I knew that 1Q84 was a novel by Haruki Murakami, and that the title is equivalent to 1984 (the Japanese word for "nine" sounds like the English name of the letter Q) but had not read it and knew nothing else about it. (I read A Wild Sheep Chase years ago and enjoyed it, but not enough to try anything else by the author.) A bit of Googling revealed that, just like Strieber's 2012, it is about a parallel earth that has two moons.

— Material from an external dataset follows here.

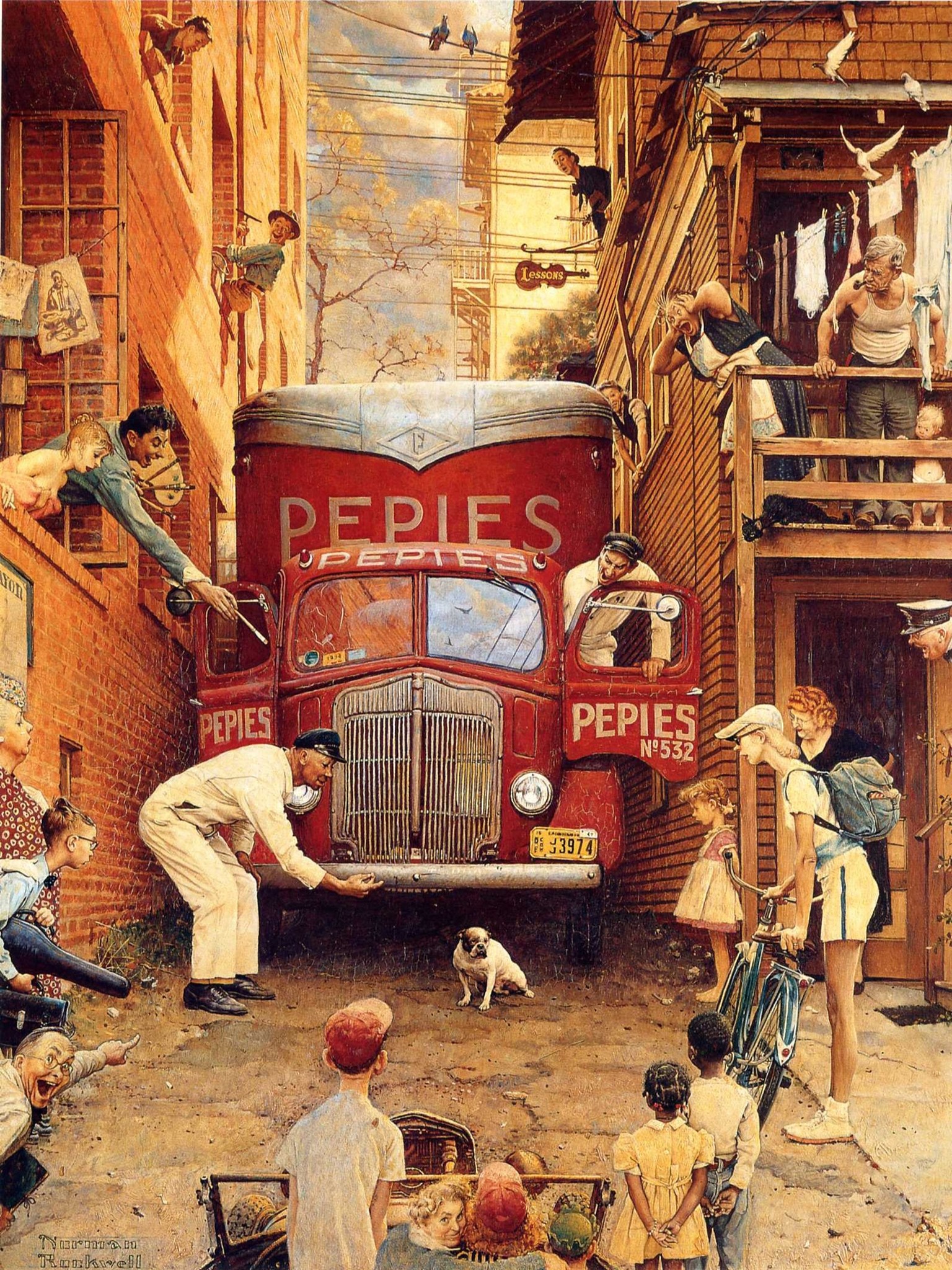 Norman Rockwell - Road Block (1949). Saturday Evening Post Cover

Reading the Vox Day post so shortly after finishing 2012 was a coincidence, but it's also a coincidence that two novels were written within a few years of each other -- by very different authors in different countries -- but each with a year as the title, and each featuring a parallel two-moon earth. Strieber's novel was published in 2007; Murakami's in 2009 and 2010 in Japanese, with the English version following in 2011. Therefore, any direct influence would have to have been from Strieber to Murakami rather than vice versa, which seems highly unlikely.

It occurs to me that the film 2010: The Year We Make Contact -- released in 1984, just as the final volume of Murakami's 1Q84 was released in 2010 -- also has a plot that revolves around two moons, in this case two of the moons of Jupiter, not those of a parallel earth. Coincidence, or deliberate homage?